▶ **Provided data**
-- -- --
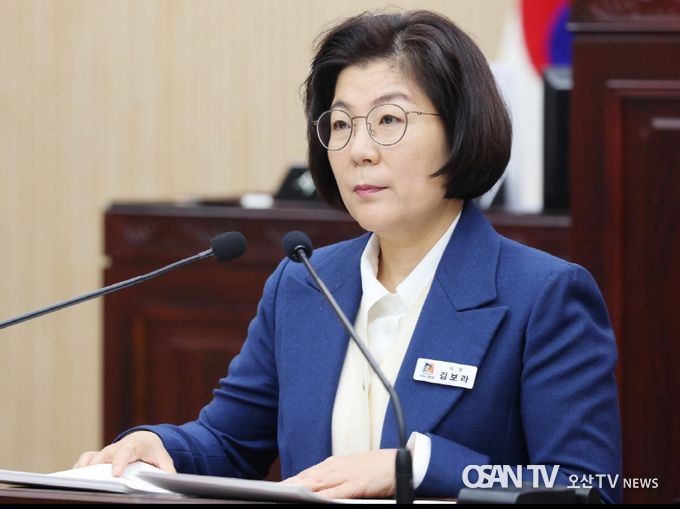 김보라 안성시장, 2024년도 예산안 시정연설‥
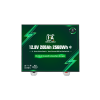Idealakku IA SERIES Lithium Batterie LiFePO4 12V 200Ah Smart BMS mit Bluetooth Wohnmobil Untersitzbatterie mit Heizung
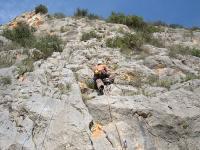 Ainee: Escalada en Alcalalí - Ainee:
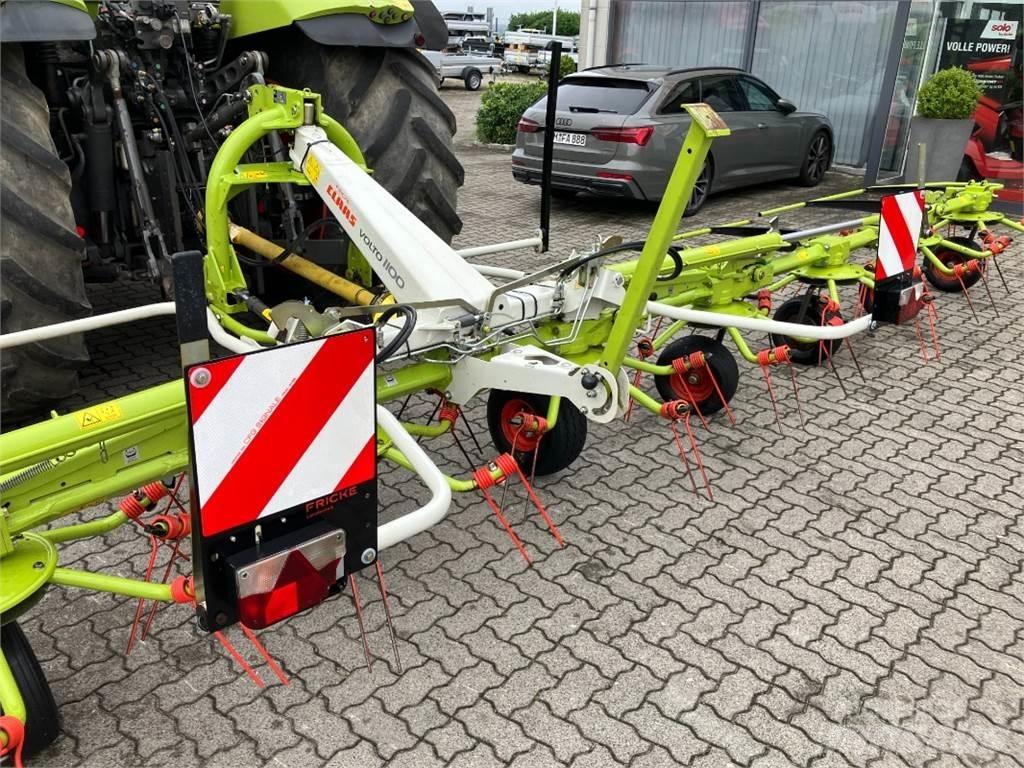 CLAAS Volto 1100 犁耙和摊草机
-- -- --
▶ **What the task requires**
Could you write out exactly the lines running from the one with "Idealakku IA SERIES" through the last line of the data above, both ends kept, and omit any picture?

▶ **Solution below**
Idealakku IA SERIES Lithium Batterie LiFePO4 12V 200Ah Smart BMS mit Bluetooth Wohnmobil Untersitzbatterie mit Heizung
 Ainee: Escalada en Alcalalí - Ainee:
 CLAAS Volto 1100 犁耙和摊草机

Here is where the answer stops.